This comes as a result of the purchases made by HKMA to support the struggling dollar.
Bloomberg reports that the three-month interbank rate, the Hong Kong Interbank Offered Rate, has extended its climb for the fourth day to hit 1.32% the highest since December as the de-facto central bank ramps up its purchases of the local dollar.
The HKD plunged to the weak end of the trading band at $7.85 which marks a thirteen year low, prompting the Hong Kong Monetary Authority to intervene. The HKMA has bought a total of $33.7b in local dollar since last week in its bid to defend the HKD’s peg to the US dollar.

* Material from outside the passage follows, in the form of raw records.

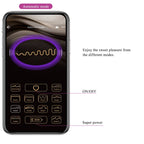 PRETTY LOVE - JAYLEEN VIBRATOR APP REMOTE CONTROL PURPLE - Amore24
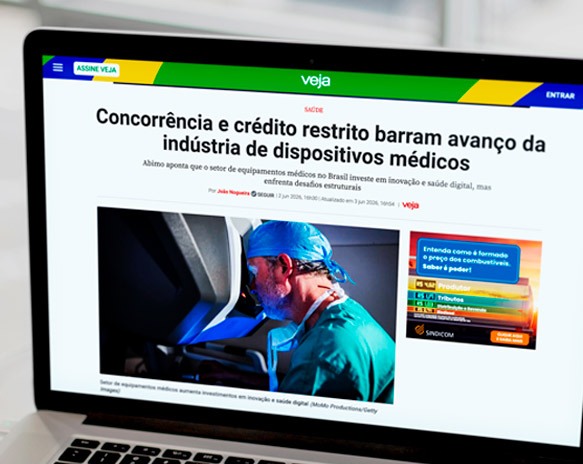Concorrência e crédito restrito barram avanço da indústria de dispositivos médicos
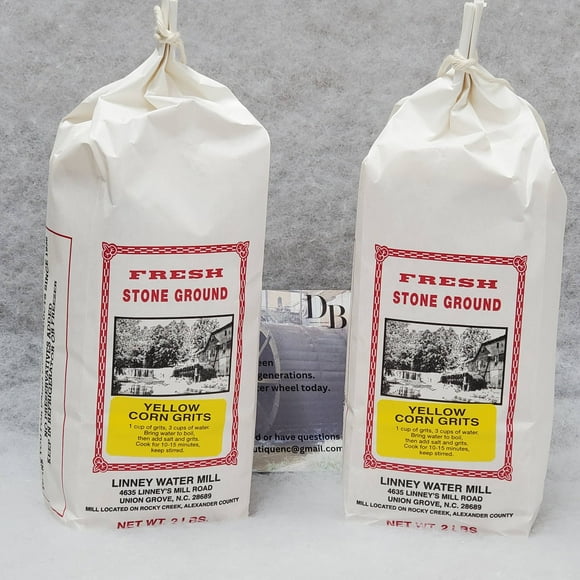 Stone Ground White Grits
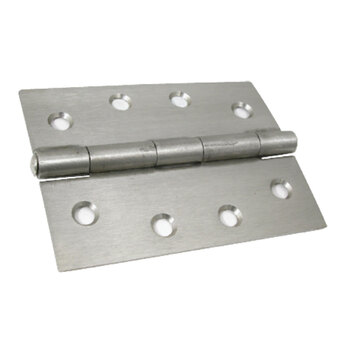 Butt Hinge Stainless Steel 75 x 40mm Pair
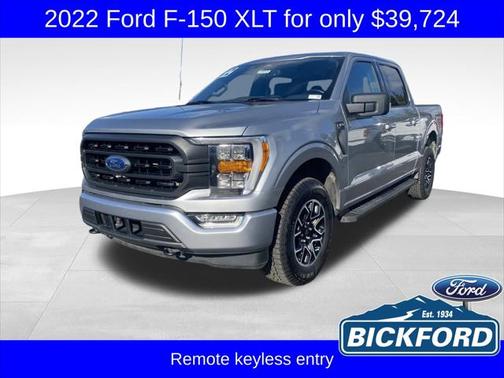 2022 Ford F-150 XLT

As mortgage rates are either linked to Hibor or the prime lending rates up to a certain extent, prospective homeowners may have to shoulder higher costs in the near future.

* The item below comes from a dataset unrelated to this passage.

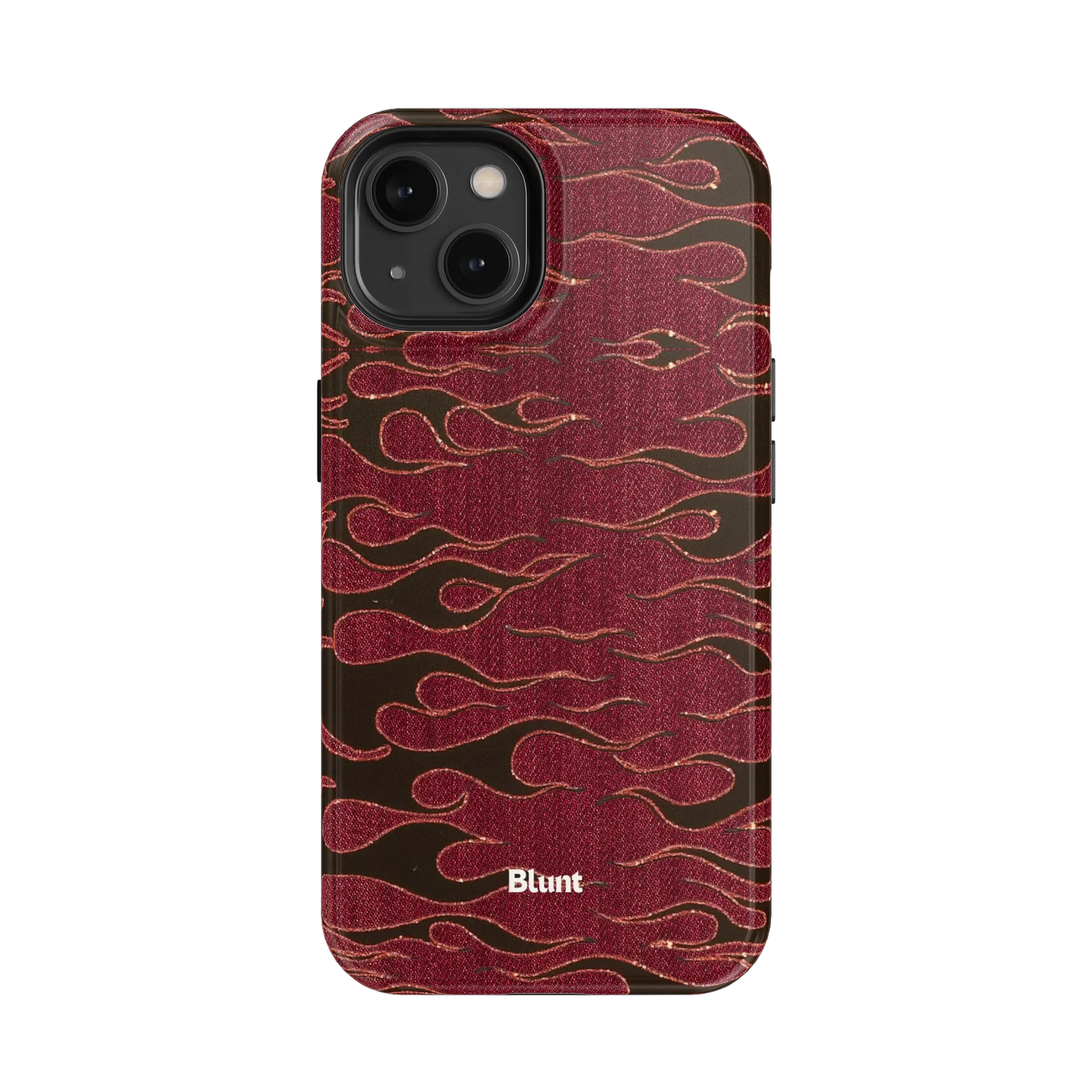 Crimson Fire iPhone Case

The city’s largest banks offer mortgages for new customers at Hibor plus around 1.4 percentage points. This means that as Hibor climbs, so does the cost of mortgage borrowing.

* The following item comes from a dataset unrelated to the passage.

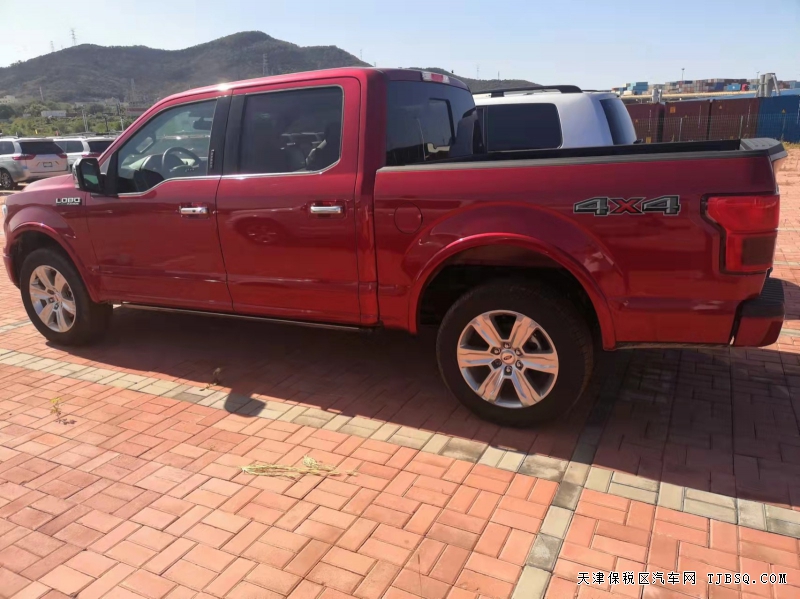 20款福特F150白金版 港口50万起售 可分期优惠多多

“Around mid-2018, dividend payment flows, potential large initial public offerings, quarter-end effects and a possible June rate hike by the Federal Reserve may add more upward pressure to the Hibor,” said Carie Li, an economist at OCBC Wing Hang Bank in Hong Kong. She expects three-month Hibor to rise to 1.65 percent by the end of this year, slowing the buildup in short positions and helping the currency strengthen to HK$7.83.